> _TASK DETAILS_:
Up to and including the line with "Women's Canvas Shoulder", copy the records below exactly from their first line.

[Dataset excerpts]
══════════

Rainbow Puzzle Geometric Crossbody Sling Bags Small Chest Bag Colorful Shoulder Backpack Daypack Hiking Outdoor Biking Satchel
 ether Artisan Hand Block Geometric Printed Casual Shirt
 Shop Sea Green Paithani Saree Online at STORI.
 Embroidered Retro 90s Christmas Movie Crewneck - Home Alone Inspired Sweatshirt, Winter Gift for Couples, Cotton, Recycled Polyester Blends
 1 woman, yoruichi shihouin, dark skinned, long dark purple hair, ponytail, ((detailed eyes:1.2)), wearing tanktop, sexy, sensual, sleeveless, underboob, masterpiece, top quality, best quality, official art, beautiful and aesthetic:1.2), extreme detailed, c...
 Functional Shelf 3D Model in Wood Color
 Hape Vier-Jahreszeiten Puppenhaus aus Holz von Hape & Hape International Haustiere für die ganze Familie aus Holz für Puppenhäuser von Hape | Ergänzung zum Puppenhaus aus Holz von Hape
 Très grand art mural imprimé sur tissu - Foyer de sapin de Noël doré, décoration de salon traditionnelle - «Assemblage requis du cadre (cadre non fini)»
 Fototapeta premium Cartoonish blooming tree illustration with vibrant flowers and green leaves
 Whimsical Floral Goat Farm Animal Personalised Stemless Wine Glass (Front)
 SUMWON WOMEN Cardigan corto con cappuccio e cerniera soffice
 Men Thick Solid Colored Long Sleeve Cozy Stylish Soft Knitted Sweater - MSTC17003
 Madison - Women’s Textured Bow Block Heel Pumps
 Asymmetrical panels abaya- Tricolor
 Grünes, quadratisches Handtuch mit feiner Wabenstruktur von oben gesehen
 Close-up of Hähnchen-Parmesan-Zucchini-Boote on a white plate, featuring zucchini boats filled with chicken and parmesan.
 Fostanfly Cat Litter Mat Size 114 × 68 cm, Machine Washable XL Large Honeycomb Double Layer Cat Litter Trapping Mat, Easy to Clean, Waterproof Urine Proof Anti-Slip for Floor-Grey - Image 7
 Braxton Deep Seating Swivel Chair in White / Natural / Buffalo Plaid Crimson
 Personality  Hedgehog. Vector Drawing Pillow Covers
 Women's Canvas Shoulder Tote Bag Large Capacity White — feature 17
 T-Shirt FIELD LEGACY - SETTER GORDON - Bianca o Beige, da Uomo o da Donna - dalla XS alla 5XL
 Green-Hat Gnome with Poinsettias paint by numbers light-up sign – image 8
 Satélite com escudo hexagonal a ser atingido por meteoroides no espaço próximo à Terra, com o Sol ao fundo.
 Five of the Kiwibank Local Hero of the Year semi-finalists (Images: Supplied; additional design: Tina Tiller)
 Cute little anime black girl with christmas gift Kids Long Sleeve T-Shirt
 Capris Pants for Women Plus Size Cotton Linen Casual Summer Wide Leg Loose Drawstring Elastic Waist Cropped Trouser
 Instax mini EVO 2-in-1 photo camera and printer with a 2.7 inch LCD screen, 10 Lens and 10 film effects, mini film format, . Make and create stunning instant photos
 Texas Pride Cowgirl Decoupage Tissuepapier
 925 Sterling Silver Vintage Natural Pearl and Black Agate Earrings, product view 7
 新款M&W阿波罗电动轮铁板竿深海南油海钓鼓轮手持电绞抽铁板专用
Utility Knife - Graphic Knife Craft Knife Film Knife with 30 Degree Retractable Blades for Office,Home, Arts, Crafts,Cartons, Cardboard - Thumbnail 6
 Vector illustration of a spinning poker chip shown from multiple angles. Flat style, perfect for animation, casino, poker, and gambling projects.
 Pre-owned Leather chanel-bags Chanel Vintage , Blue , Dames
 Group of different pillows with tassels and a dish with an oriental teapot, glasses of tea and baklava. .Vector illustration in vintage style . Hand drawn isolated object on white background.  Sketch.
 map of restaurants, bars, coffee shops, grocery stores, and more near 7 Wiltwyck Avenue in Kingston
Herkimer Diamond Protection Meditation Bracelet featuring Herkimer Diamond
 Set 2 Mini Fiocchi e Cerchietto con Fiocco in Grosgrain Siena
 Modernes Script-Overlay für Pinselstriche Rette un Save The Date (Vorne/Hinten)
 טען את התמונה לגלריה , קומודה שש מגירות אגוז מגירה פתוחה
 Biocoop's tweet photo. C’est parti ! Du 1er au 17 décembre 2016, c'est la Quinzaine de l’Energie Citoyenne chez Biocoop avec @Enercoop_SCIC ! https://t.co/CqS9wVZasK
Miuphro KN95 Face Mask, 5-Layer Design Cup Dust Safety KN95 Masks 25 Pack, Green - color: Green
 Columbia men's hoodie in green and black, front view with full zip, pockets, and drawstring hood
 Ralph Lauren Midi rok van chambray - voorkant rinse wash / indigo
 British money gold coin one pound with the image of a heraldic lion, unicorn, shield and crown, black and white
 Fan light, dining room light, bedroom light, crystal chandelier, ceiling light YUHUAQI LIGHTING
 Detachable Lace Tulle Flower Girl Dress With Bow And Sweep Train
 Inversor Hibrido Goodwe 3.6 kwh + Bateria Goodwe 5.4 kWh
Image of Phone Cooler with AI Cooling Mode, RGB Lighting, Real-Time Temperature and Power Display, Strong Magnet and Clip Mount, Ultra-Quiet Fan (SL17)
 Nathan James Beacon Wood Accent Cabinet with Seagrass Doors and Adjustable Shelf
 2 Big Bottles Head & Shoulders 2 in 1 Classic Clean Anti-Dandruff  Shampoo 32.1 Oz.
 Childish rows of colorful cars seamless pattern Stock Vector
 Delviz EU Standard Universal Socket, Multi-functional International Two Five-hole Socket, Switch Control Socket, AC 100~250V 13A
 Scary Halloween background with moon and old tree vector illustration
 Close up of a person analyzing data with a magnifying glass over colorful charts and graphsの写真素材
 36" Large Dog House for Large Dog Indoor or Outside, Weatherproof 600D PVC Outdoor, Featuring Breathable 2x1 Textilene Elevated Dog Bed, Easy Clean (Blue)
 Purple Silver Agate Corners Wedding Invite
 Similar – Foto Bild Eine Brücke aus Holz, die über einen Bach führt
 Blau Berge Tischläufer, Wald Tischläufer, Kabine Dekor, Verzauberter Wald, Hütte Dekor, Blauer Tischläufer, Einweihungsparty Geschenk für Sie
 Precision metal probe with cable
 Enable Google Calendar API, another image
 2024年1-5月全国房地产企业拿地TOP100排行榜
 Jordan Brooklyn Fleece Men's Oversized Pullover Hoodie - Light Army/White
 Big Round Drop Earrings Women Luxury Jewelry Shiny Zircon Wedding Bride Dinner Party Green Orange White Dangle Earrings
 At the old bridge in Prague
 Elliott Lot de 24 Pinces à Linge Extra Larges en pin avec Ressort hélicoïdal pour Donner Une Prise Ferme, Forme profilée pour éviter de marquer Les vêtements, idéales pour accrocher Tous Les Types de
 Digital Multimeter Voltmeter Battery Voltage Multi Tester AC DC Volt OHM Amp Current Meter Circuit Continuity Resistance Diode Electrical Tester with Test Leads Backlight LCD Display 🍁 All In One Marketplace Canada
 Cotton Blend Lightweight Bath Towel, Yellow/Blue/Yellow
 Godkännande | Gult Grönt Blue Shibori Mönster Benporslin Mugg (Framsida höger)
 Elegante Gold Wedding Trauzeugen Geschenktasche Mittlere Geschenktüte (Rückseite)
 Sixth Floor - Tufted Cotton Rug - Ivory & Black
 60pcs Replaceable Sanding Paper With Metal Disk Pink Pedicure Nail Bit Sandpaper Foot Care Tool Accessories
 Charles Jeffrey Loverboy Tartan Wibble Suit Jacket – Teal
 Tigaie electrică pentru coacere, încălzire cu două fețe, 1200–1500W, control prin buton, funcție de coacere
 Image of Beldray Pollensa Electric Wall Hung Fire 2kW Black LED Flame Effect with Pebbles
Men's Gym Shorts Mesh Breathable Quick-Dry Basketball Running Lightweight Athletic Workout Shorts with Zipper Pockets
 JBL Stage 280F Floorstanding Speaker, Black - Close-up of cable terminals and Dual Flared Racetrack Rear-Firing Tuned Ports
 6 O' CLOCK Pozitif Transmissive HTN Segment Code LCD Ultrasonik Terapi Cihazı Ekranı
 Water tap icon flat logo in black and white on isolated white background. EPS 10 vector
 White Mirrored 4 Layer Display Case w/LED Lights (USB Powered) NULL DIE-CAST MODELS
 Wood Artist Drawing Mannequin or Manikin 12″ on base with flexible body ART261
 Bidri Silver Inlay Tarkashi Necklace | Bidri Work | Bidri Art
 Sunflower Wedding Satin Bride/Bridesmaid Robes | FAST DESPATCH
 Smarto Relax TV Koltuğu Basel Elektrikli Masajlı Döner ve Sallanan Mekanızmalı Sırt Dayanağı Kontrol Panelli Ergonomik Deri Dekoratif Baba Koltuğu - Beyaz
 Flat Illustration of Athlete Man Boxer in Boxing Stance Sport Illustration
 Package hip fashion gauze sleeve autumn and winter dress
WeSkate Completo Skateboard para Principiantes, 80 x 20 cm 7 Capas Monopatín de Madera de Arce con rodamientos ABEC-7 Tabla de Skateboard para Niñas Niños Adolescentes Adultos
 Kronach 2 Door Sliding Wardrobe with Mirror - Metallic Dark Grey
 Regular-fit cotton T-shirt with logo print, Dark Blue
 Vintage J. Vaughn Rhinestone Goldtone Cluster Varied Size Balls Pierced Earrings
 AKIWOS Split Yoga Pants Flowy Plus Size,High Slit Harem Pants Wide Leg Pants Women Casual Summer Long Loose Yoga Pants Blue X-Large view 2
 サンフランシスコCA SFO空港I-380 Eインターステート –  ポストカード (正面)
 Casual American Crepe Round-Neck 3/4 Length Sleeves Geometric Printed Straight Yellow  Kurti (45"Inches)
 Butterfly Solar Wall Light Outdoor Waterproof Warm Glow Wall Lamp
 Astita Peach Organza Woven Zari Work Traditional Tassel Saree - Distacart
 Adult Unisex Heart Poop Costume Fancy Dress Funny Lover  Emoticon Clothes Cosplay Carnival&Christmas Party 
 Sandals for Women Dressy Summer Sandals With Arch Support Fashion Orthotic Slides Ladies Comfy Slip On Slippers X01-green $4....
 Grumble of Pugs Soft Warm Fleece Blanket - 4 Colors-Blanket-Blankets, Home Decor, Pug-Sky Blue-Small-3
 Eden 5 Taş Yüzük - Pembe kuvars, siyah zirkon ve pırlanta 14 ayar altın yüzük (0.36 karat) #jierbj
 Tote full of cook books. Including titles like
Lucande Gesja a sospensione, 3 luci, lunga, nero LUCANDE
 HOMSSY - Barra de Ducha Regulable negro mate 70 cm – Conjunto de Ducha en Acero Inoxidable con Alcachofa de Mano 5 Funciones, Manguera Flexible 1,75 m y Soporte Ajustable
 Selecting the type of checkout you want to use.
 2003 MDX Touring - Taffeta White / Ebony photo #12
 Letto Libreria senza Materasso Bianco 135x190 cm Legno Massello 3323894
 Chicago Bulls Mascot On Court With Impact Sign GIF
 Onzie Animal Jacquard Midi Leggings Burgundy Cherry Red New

══════════

> _ANSWER SPACE_:
Rainbow Puzzle Geometric Crossbody Sling Bags Small Chest Bag Colorful Shoulder Backpack Daypack Hiking Outdoor Biking Satchel
 ether Artisan Hand Block Geometric Printed Casual Shirt
 Shop Sea Green Paithani Saree Online at STORI.
 Embroidered Retro 90s Christmas Movie Crewneck - Home Alone Inspired Sweatshirt, Winter Gift for Couples, Cotton, Recycled Polyester Blends
 1 woman, yoruichi shihouin, dark skinned, long dark purple hair, ponytail, ((detailed eyes:1.2)), wearing tanktop, sexy, sensual, sleeveless, underboob, masterpiece, top quality, best quality, official art, beautiful and aesthetic:1.2), extreme detailed, c...
 Functional Shelf 3D Model in Wood Color
 Hape Vier-Jahreszeiten Puppenhaus aus Holz von Hape & Hape International Haustiere für die ganze Familie aus Holz für Puppenhäuser von Hape | Ergänzung zum Puppenhaus aus Holz von Hape
 Très grand art mural imprimé sur tissu - Foyer de sapin de Noël doré, décoration de salon traditionnelle - «Assemblage requis du cadre (cadre non fini)»
 Fototapeta premium Cartoonish blooming tree illustration with vibrant flowers and green leaves
 Whimsical Floral Goat Farm Animal Personalised Stemless Wine Glass (Front)
 SUMWON WOMEN Cardigan corto con cappuccio e cerniera soffice
 Men Thick Solid Colored Long Sleeve Cozy Stylish Soft Knitted Sweater - MSTC17003
 Madison - Women’s Textured Bow Block Heel Pumps
 Asymmetrical panels abaya- Tricolor
 Grünes, quadratisches Handtuch mit feiner Wabenstruktur von oben gesehen
 Close-up of Hähnchen-Parmesan-Zucchini-Boote on a white plate, featuring zucchini boats filled with chicken and parmesan.
 Fostanfly Cat Litter Mat Size 114 × 68 cm, Machine Washable XL Large Honeycomb Double Layer Cat Litter Trapping Mat, Easy to Clean, Waterproof Urine Proof Anti-Slip for Floor-Grey - Image 7
 Braxton Deep Seating Swivel Chair in White / Natural / Buffalo Plaid Crimson
 Personality  Hedgehog. Vector Drawing Pillow Covers
 Women's Canvas Shoulder Tote Bag Large Capacity White — feature 17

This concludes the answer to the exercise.